#### TASK TO COMPLETE
Repeat exactly the lines below, from the line containing "Crocodile show performance" through the last line, both included. Leave out any pictures.

#### DATA SECTION
......

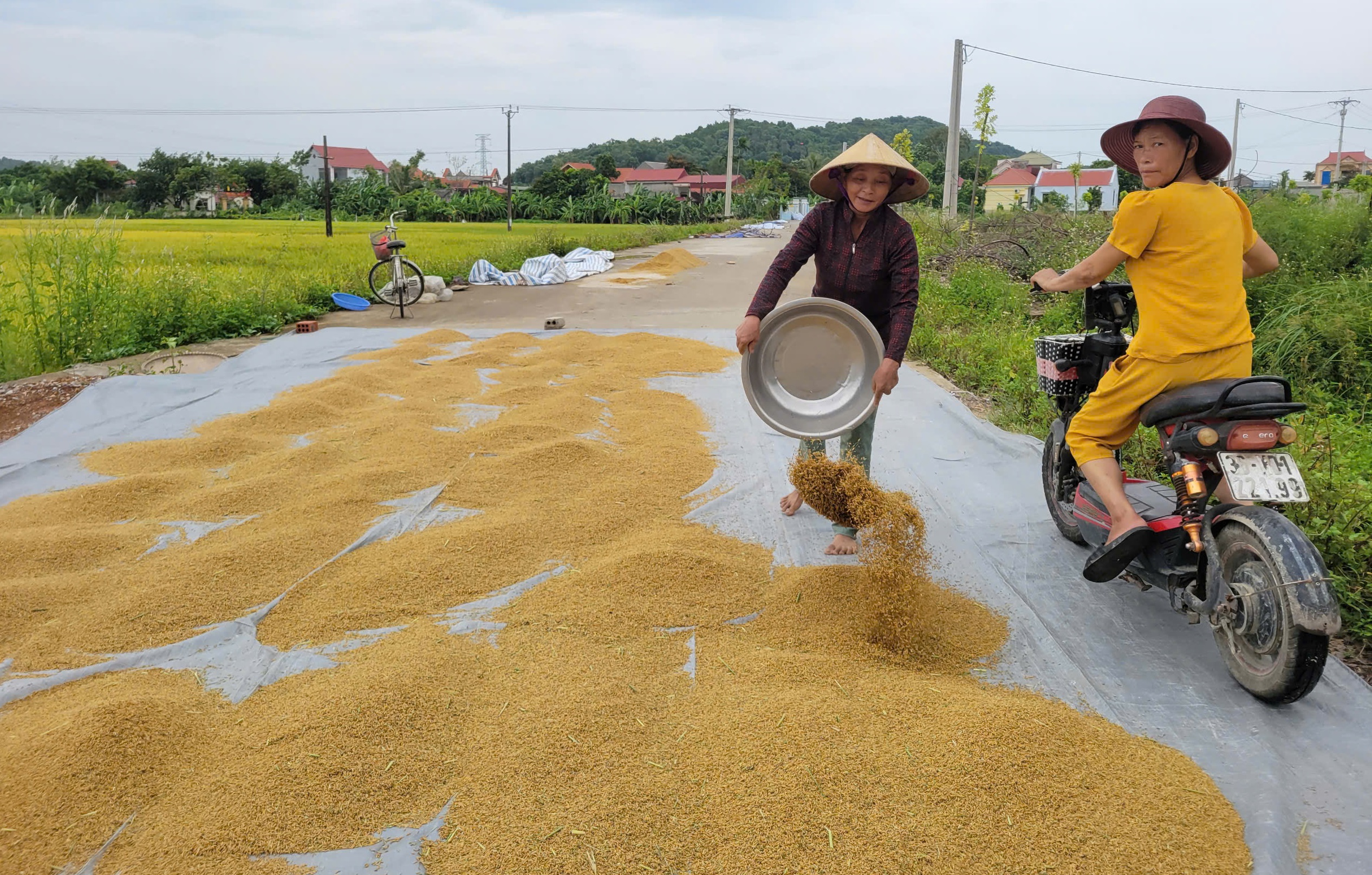 N&ocirc;ng d&acirc;n gặt l&uacute;a xuy&ecirc;n đ&ecirc;m chạy si&ecirc;u b&atilde;o Yagi- Ảnh 7.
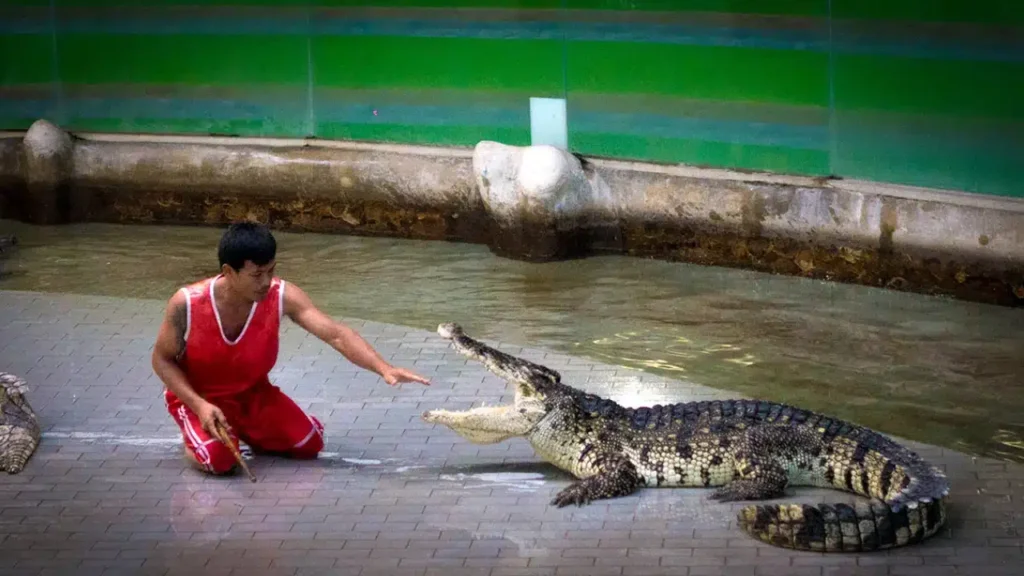 Crocodile show performance with trainer at Tiger Topia Zoo Pattaya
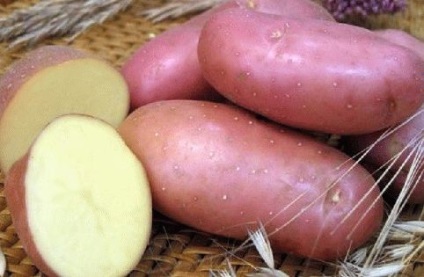 Fotografie de fotografie și descriere a cartofului, îmi plac grădina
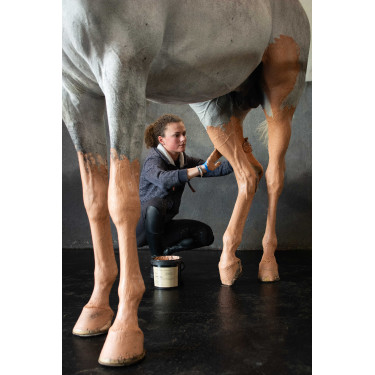 Argila rosa Pénélope Terra Clay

......

#### ANSWER SPACE
 Crocodile show performance with trainer at Tiger Topia Zoo Pattaya
 Fotografie de fotografie și descriere a cartofului, îmi plac grădina
 Argila rosa Pénélope Terra Clay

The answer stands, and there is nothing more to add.